In [None]:
import os
import random
import concurrent.futures
from pathlib import Path
import moviepy.editor as mp
import cv2
import logging
import warnings

# Настройка логгирования и предупреждений
logging.getLogger('moviepy').setLevel(logging.ERROR)
warnings.filterwarnings("ignore")

def get_random_frame(cap, max_attempts=5):
    """Более надежный способ получения случайного кадра"""
    for _ in range(max_attempts):
        frame_count = int(cap.get(cv2.CAP_PROP_FRAME_COUNT))
        if frame_count <= 0:
            return None
            
        random_frame = random.randint(0, frame_count - 1)
        cap.set(cv2.CAP_PROP_POS_FRAMES, random_frame)
        
        # Даем видео несколько попыток декодирования
        for _ in range(3):
            ret, frame = cap.read()
            if ret:
                return frame
            cap.set(cv2.CAP_PROP_POS_FRAMES, random_frame)
    
    return None

def process_video(video_path, sounds_dir, images_dir):
    try:
        # Обработка аудио
        audio_path = sounds_dir / f"{video_path.stem}.wav"
        clip = mp.VideoFileClip(str(video_path))
            
        if clip.duration > 10:
            audio = clip.subclip(0, 10).audio
        else:
            audio = clip.audio
        
        
        
        # Обработка изображения с улучшенным чтением кадров
        cap = cv2.VideoCapture(str(video_path))
        frame = get_random_frame(cap)
        
        if frame is not None:
            resized = cv2.resize(frame, (128, 128))
            img_path = images_dir / f"{video_path.stem}.jpg"
            cv2.imwrite(str(img_path), resized)
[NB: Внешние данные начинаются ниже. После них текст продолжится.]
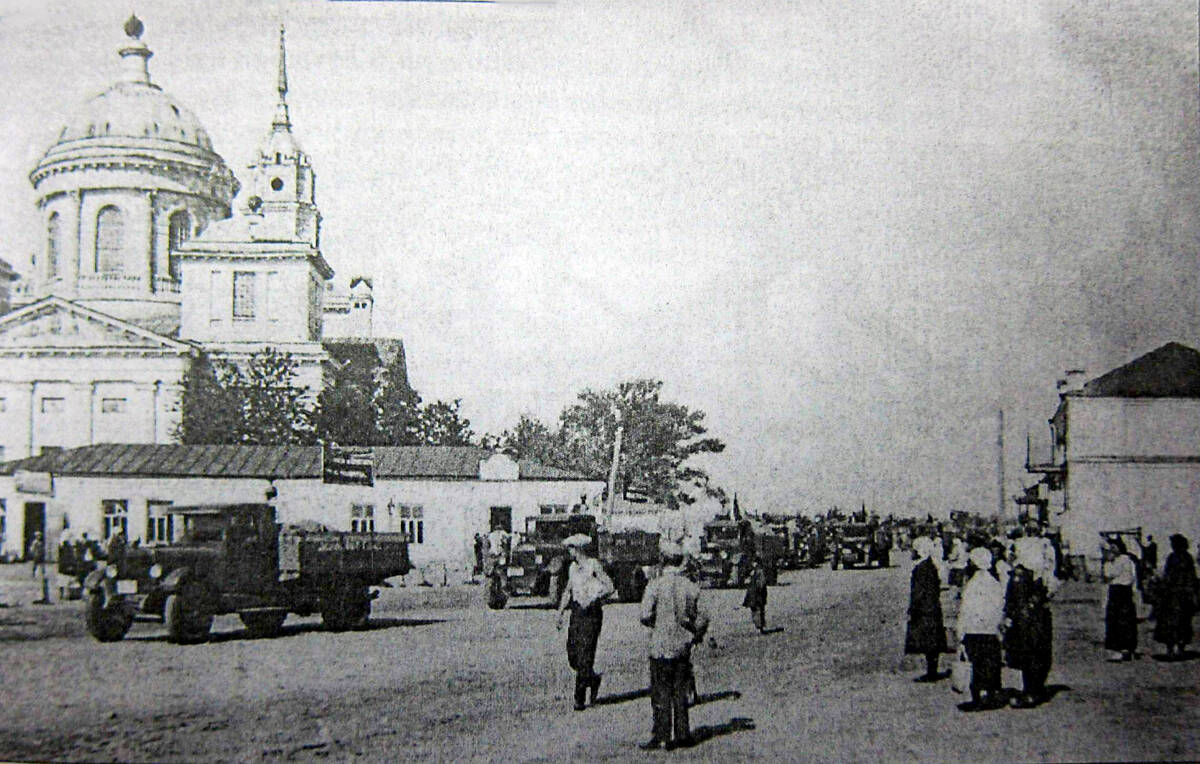 Церковь Воздвижения Креста Господня, Россошь (Россошанский район, Воронежская область). архивная фотография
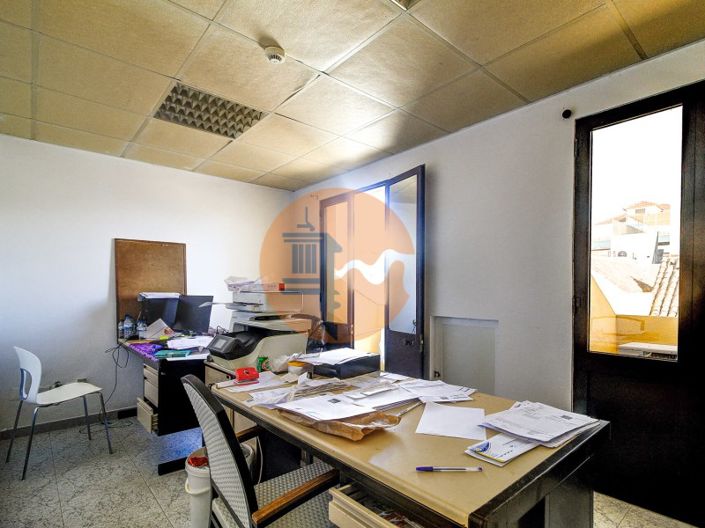 Image No.26-2 Bed Commercial for sale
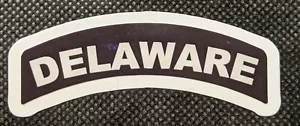 Delaware Mini Casco Dondolo Decalcomania Casco di Stato Adesivo - Foto 1 di 1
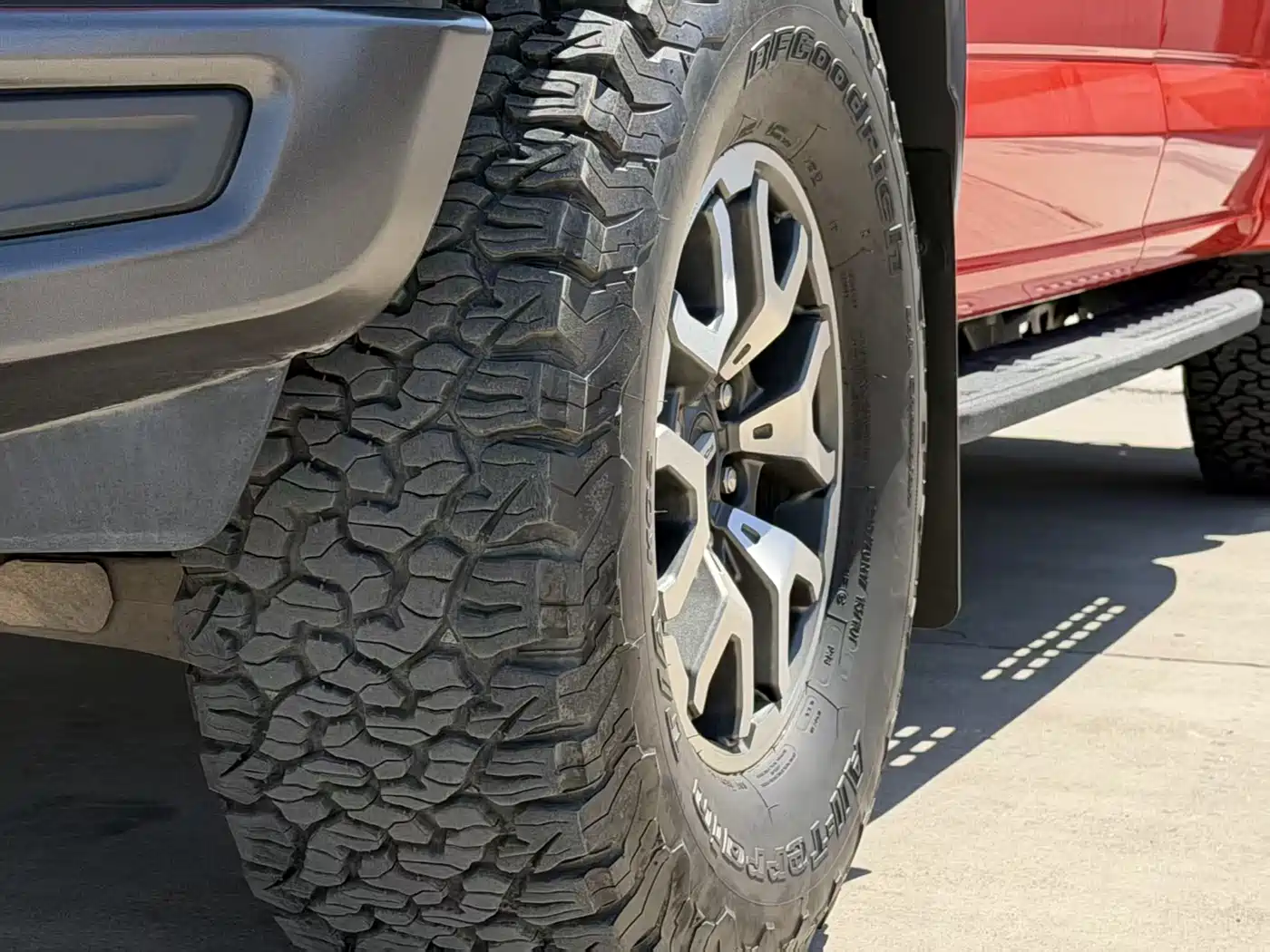 FORD F-150 RAPTOR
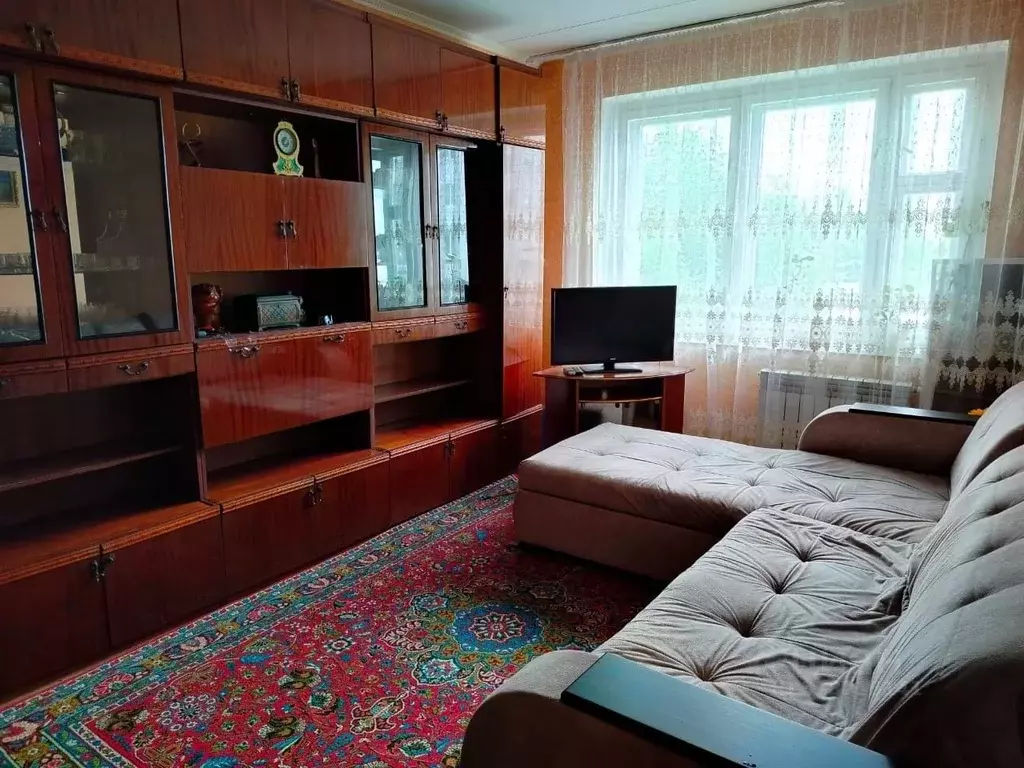2-к кв. Татарстан, Набережные Челны 32-й комплекс, 6 (53.4 м) - Фото 0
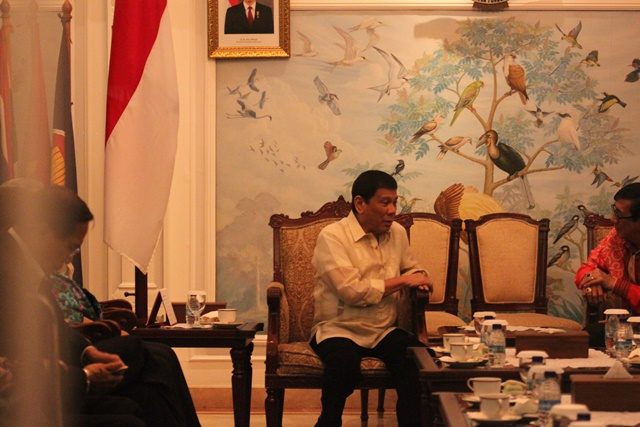 TIBA DI JAKARTA. Presiden Filipina, Rodrigo Duterte tengah berbicara dengan Menteri Hukum dan HAM, Yasonna Laoly usai tiba dari Vientianne, Laos di Jakarta. Foto oleh Diego Batara/Rappler 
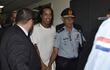 Ronaldinho llegando a Tribunales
            audio.write_audiofile(str(audio_path), fps=44100, codec='pcm_s16le', verbose=False, logger=None)
        else:
            print(f"Не удалось декодировать файл {video_path}")
        
        cap.release()
        clip.close()
        
    except Exception as e:
        print(f"Ошибка при обработке {video_path}: {str(e)}")

def process_all_videos(root_dir):
    root_path = Path(root_dir)
    sounds_dir = root_path / "sounds"
    images_dir = root_path / "images"

    root_path = root_path / "videos"
    
    sounds_dir.mkdir(exist_ok=True)
    images_dir.mkdir(exist_ok=True)
    
    video_files = []
    for dirpath, _, filenames in os.walk(root_path):
        for filename in filenames:
            if filename.lower().endswith('.mp4'):
                video_files.append(Path(dirpath) / filename)
    
    with concurrent.futures.ThreadPoolExecutor() as executor:
        futures = [executor.submit(process_video, video_path, sounds_dir, images_dir) 
                 for video_path in video_files]
        concurrent.futures.wait(futures)

In [None]:
root_directory = "data"
process_all_videos(root_directory)